Gelinen nokta iç açıcı olmaktan uzaktır.

Açılım süreci ‘resmî bir devlet politikasına’ indirgendiği için ciddi bir açmazla karşı karşıya kalındı.

Böyle bir politika ister istemez DTP’yi de görmezlikten gelir.

DTP’nin görmezlikten gelinmesi, DTP’nin kendini görmezlikten gelmesinden daha vahim sonuçlar yarattı.

Ve Anayasa Mahkemesi’nden DTP için kapatma kararı çıkarsa, bu, her şeyden önce Türk siyasi sisteminde Kürtlerin varlığına yer olmadığının bütün dünyaya resmen ilan edilmesi anlamı taşır.

Bu koşullarda, DTP’nin alacağı sine-i millete dönme kararı, ‘şimdilik gidiyoruz, bir başka seçimde görüşürüz’ gibi bir karar olmaz. Böyle bir karar, giderek derinleşen ruhsal ve siyasal kopuşa son noktayı koymuş olur.

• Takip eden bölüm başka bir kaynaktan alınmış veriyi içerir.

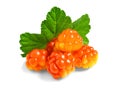 Several berries of cloudberries with a leaf isolated on a white background with clipping paths with shadow and without Royalty Free Stock Photo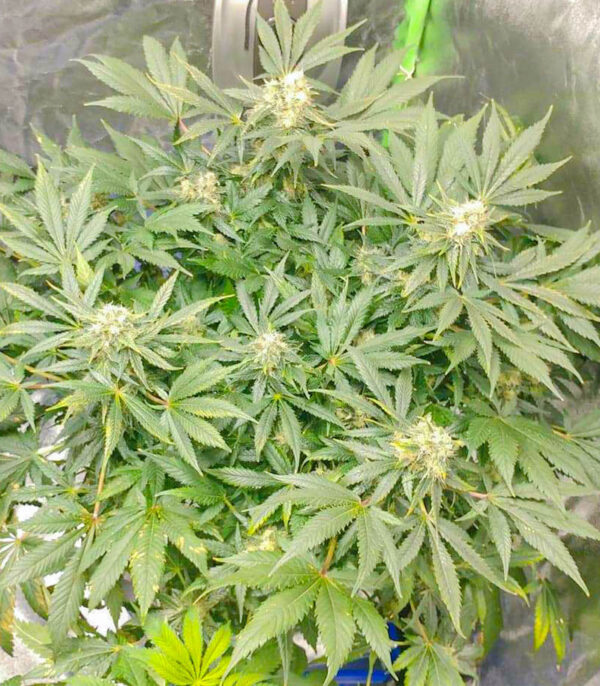 Glue Sherbert fem (AlphaFem Seeds) семена конопли — изображение 4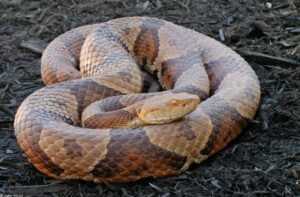 Corn Snake vs Copperhead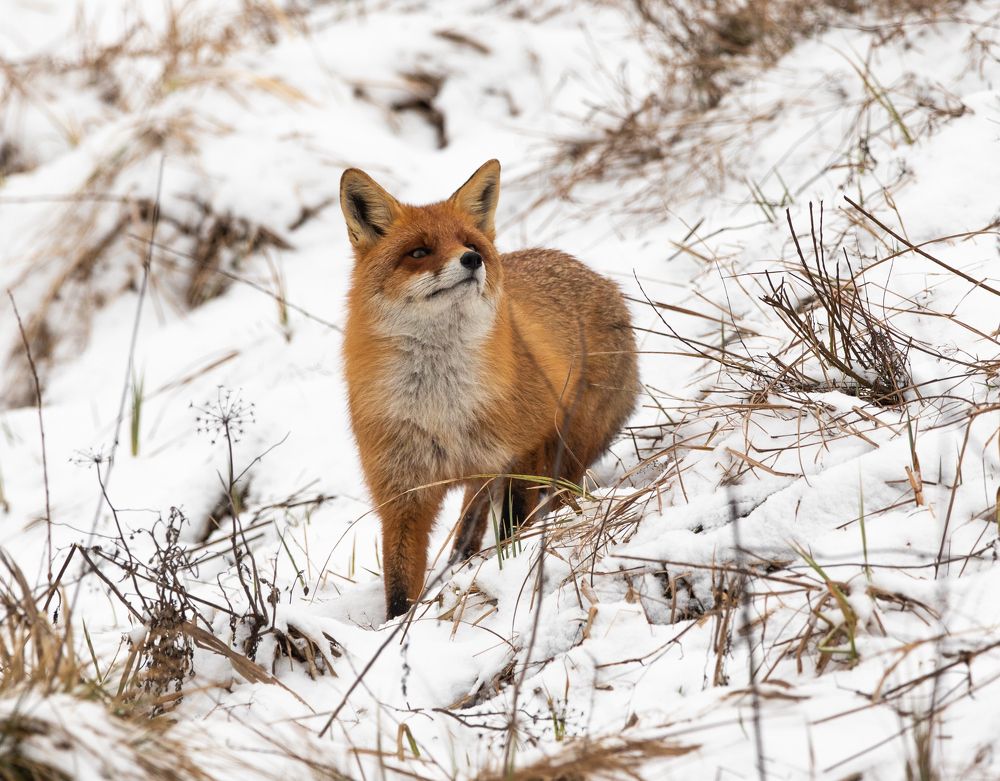 Photograph by Vladimir Pakalevich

Anlamak zor olmasa gerek. PKK’nin savaşmaktan vazgeçmediği şartlarda, “Kürt sorunu bir yandan demokratik açılım sorunu olmaya devam eder, bir yandan da güvenlik sorunu olarak sürer gider” deniyorsa, bu büyük bir yanılgı olur.

PKK savaşı sürdürmek isterse, Kürt sorunu bir güvenlik sorunu olmaktan da çıkar, bir ayrılma ve bölünme sorunu haline gelir. Çünkü yeni bir savaşı kontrol altında tutmanın hemen hiçbir koşulu ve imkânı yok bugün. Ve PKK savaşmaya devam ederse –ki bütün belirtiler bunu gösteriyor- DTP’nin kapatılması veya kapatılmaması arasında hiçbir fark kalmaz. 1990’lı yıllarda değiliz artık. Bu savaşı, DTP taşıyamaz ve fiili olarak siyaset sahnesinden silinir. Ahmet Türk’ün grup konuşmalarında okuduğu yazılı metinleri dinleyecek kimse kalmaz.

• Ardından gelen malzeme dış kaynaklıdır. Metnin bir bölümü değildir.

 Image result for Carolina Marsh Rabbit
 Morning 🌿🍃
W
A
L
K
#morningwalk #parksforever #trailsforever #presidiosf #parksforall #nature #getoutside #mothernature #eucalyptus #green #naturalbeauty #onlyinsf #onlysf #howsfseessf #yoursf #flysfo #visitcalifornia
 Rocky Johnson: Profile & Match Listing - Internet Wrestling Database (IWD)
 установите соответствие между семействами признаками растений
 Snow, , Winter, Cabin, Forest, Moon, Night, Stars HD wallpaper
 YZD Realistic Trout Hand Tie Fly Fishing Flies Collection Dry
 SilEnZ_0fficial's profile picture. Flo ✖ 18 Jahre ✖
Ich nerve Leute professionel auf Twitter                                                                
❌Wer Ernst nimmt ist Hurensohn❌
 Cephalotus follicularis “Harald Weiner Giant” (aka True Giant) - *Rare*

Başa dönmek böyle bir şey zaten. Ama başa dönmenin maliyeti, basitçe tarihin tekerrür etmesinin katlanılabilir bir maliyeti olarak düşünülmemeli. Yeni bir ‘tekerrürün’ bir tek maliyeti ve sonucu olur: ayrılmayı konuşan bir Türkiye.

İş o aşamaya gelirse, uluslararası güçlerin ve hukukun getirip önümüze koyacağı şartlara bağlı olarak gelişebilir her şey.

Ve ne yazık ki Türkiye Çekoslovakya olmadığı gibi, bütün Türkler de, bana yazıp, “gerekirse dokuz il veririz” diyen okur kadar bonkör değildir.

Doğrusunu isterseniz, bu kötümser senaryonun sonrasını insan düşünmek bile istemiyor.

Tarih, DTP ve AK Parti’yi, rekabetçi, muhtevası fazlasıyla polemik barındıran, açılıma hiç hizmet etmeyen, ötekini baskılamayı hedefleyen, hatta zaman zaman yok sayan siyaset üslubunun dışında, açık ve samimi bir diyaloga davet ediyor.

Çok geç olmadan, her iki parti gerçeği görmeli, burada siyaset filan yok artık, bir ülkeyi iç savaştan kurtarmak var.

(Diyarbakır Cezaevi’nin, tanığı, mağduru ve konuştuğu her defasında insanı düşündüren, insana hüzün veren anlatıcısı, Sevgili SELİM DİNDAR’ı saygı ve minnetle anıyorum.

Biliyor musunuz, Diyarbakır cehenneminden kurtulmak ve sonrasında da böylesine bir ölüm, gerçekten de fazlasıyla trajik, fazlasıyla kahredici oldu. SELİM DİNDAR’ın dostlarının ve ailesinin başı sağ olsun.)